What to work on
Copy the lines below, please, starting with the one that contains "Buffalo Autumn Mountain" and ending with the last. Pictures stay out.

Data provided
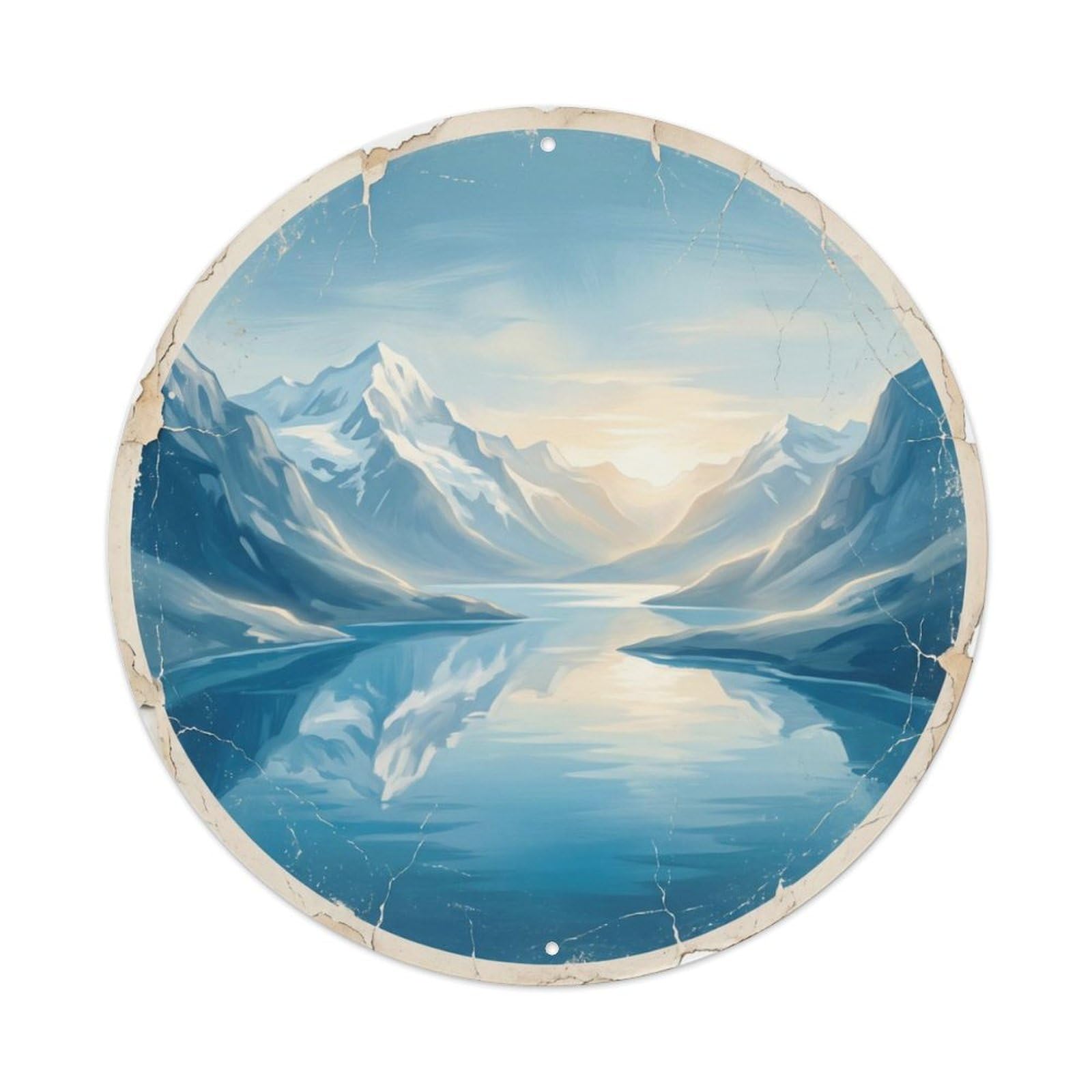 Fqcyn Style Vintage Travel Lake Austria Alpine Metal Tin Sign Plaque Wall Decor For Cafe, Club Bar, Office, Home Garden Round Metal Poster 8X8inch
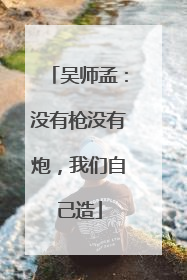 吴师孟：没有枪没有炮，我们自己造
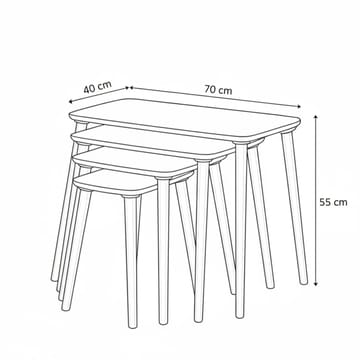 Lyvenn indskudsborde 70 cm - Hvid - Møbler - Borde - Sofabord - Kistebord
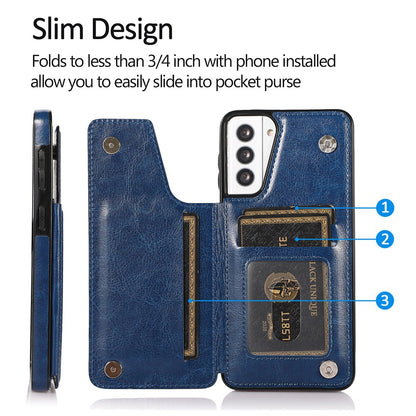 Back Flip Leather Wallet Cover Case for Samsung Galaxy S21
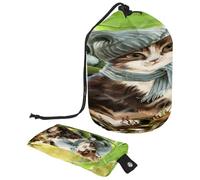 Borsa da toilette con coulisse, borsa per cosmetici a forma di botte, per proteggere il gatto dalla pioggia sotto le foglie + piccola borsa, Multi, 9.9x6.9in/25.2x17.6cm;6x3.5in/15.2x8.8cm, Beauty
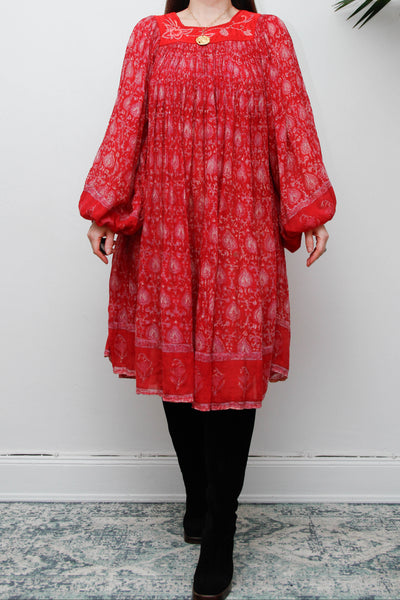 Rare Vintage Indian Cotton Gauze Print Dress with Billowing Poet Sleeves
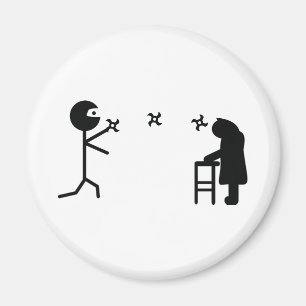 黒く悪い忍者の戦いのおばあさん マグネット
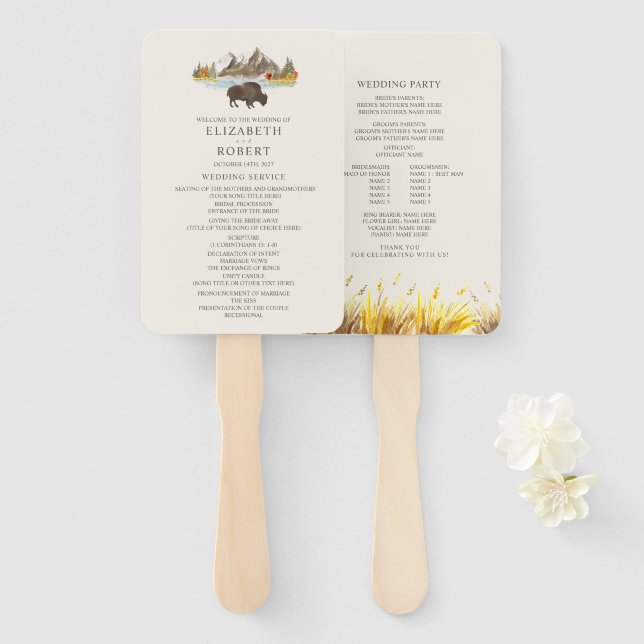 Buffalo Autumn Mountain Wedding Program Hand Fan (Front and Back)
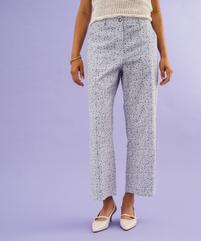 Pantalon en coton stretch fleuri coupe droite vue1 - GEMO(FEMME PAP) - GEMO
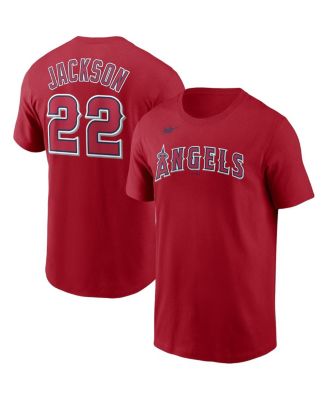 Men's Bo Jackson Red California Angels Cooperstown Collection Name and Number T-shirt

The answer
 Buffalo Autumn Mountain Wedding Program Hand Fan (Front and Back)
 Pantalon en coton stretch fleuri coupe droite vue1 - GEMO(FEMME PAP) - GEMO
 Men's Bo Jackson Red California Angels Cooperstown Collection Name and Number T-shirt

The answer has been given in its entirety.